BBC-Chairman gerät wegen politischem Filz unter Druck

BBC-Chef Davie begründete die Absetzung seines Starmoderators mit einem Verstoß gegen die Richtlinien der BBC, die Mitarbeiter des Senders zu „Überparteilichkeit“ verpflichten. Allerdings ist Lineker nicht fest bei der BBC angestellt und arbeitet dort auch nicht als politischer Journalist. Seine Kritik an der Flüchtlingspolitik äußerte er als Privatperson.

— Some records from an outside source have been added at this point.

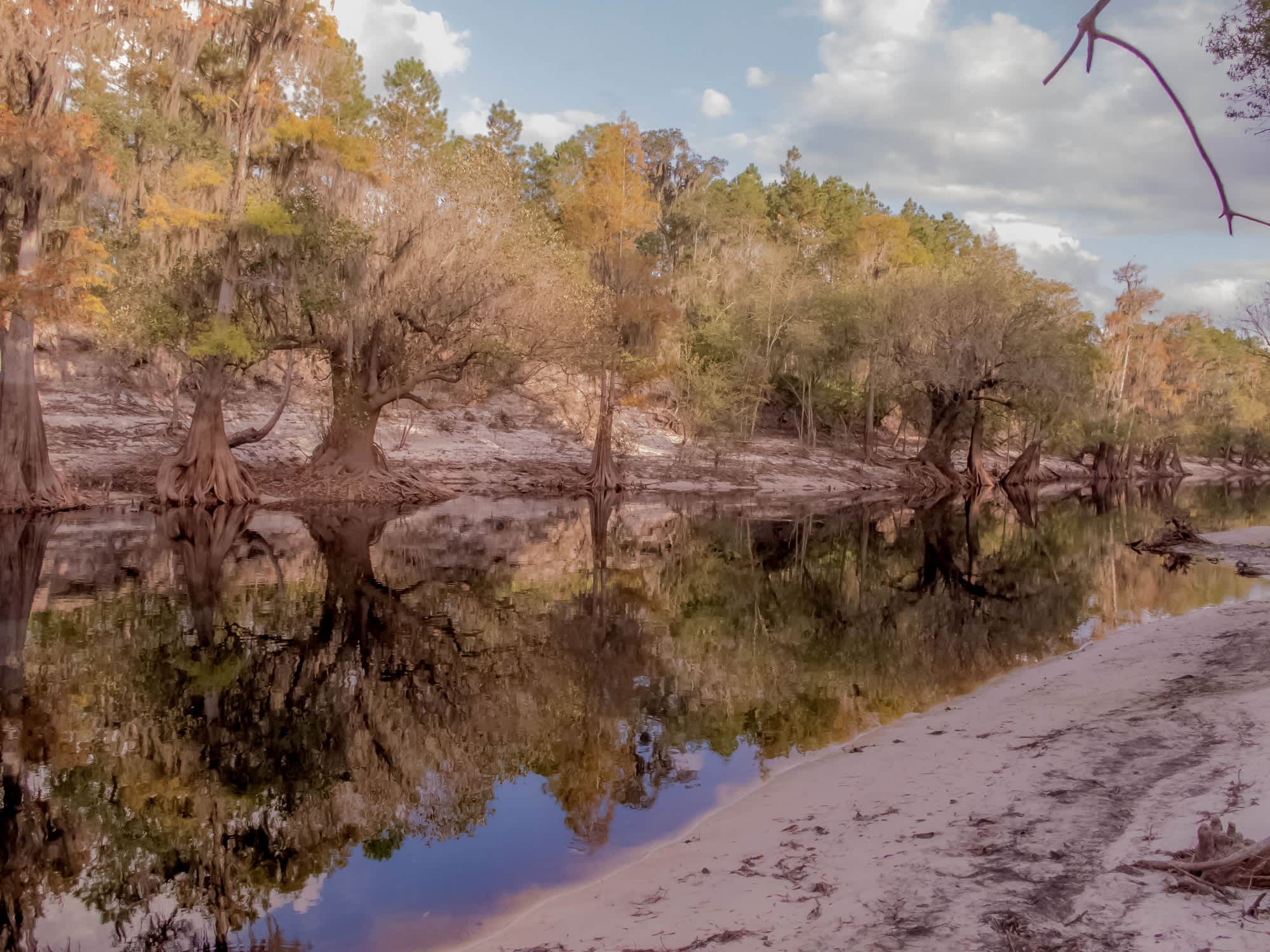Pennington Oaks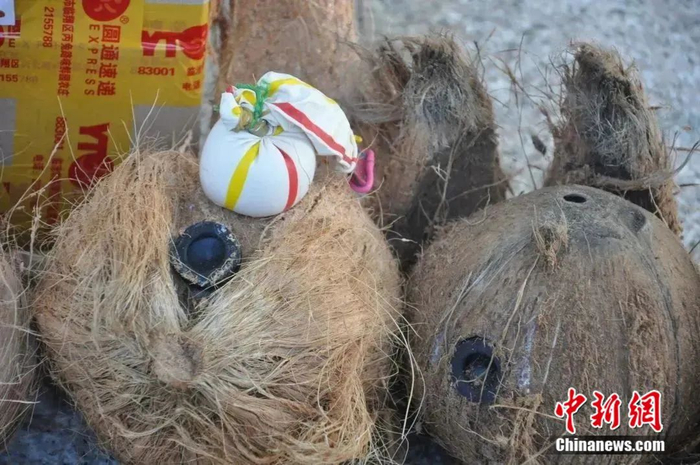 图为椰子藏毒。清水河出入境边防检查站 供图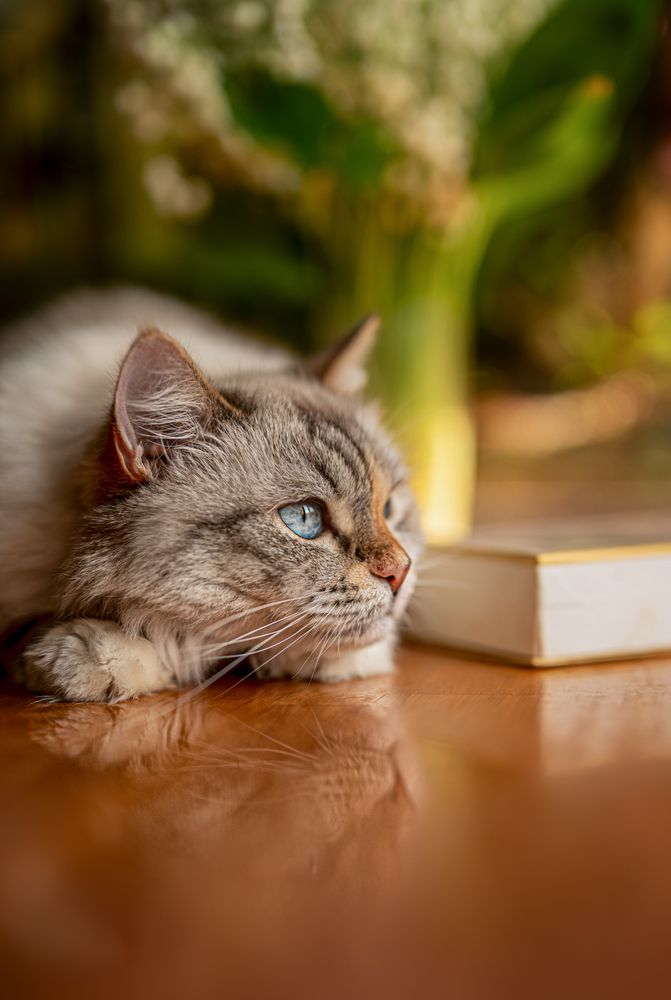 Photograph by Екатерина Каминская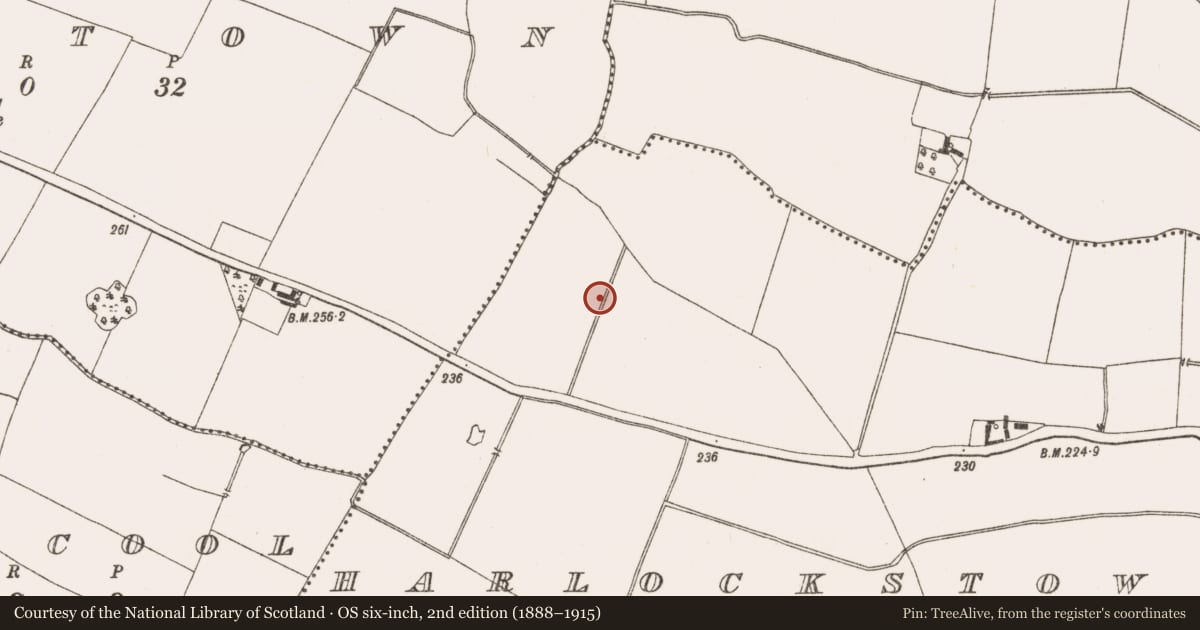 Ordnance Survey six-inch map, 2nd edition (1888–1915) covering the location of Fulacht fia, Harlockstown, County Meath, with a pin at the register's coordinates
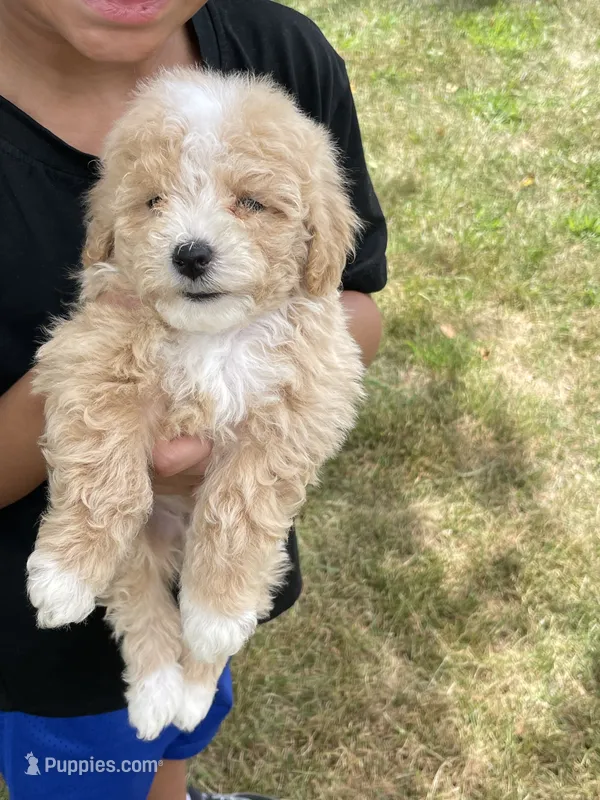 Rocket – Poodle - Toy  puppy for sale in El Paso, IL
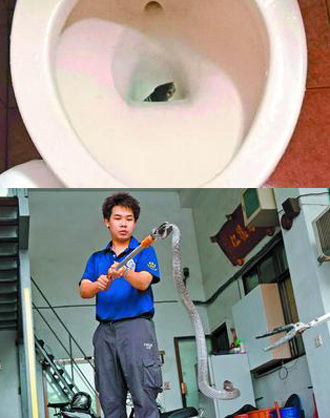 《联合报》图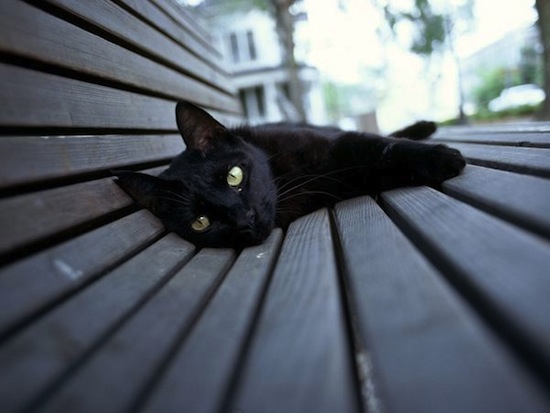 Люди не любят чёрных кошек
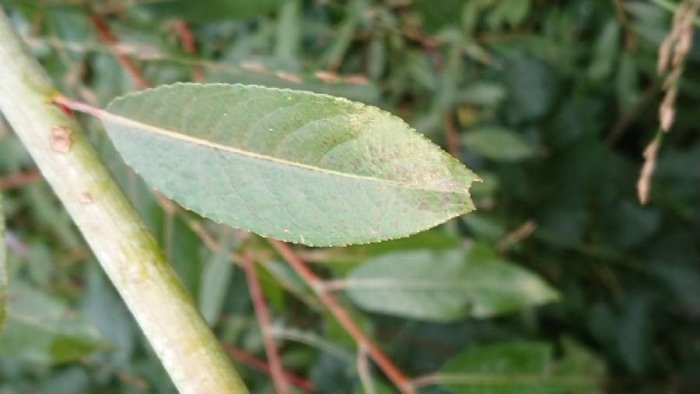 Salix daphnoides image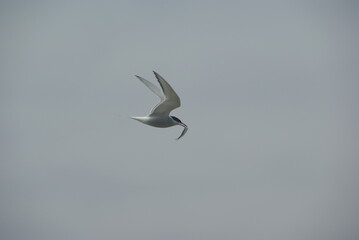 Flying Arctic tern with its prey in its beak, after a hunt against a grey sky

Davie, der früher selbst in der lokalen Parteiführung der Tories in London aktiv war, räumte ein, dass die Richtlinien der BBC im Fall von Lineker nicht eindeutig seien, und sagte, er wolle sicherstellen, dass der beliebte Sportmoderator wieder auf Sendung gehen könne. Einen Rücktritt lehnte er jedoch ab.

Der BBC-Chef ist jedoch nicht der Einzige, der unter Druck steht. Kritiker fordern seit Wochen den Rücktritt von Richard Sharp. Der Chairman der BBC hatte vor seinem Amtsantritt nicht nur 400.000 Pfund an die Konservative Partei gespendet, sondern auch dem früheren Premierminister Boris Johnson zu einem Kredit von 800.000 Pfund verholfen. Johnson hatte Sharp später als BBC-Chairman vorgeschlagen. Die Vorgänge werden nun intern und von einer Berufungskommission untersucht.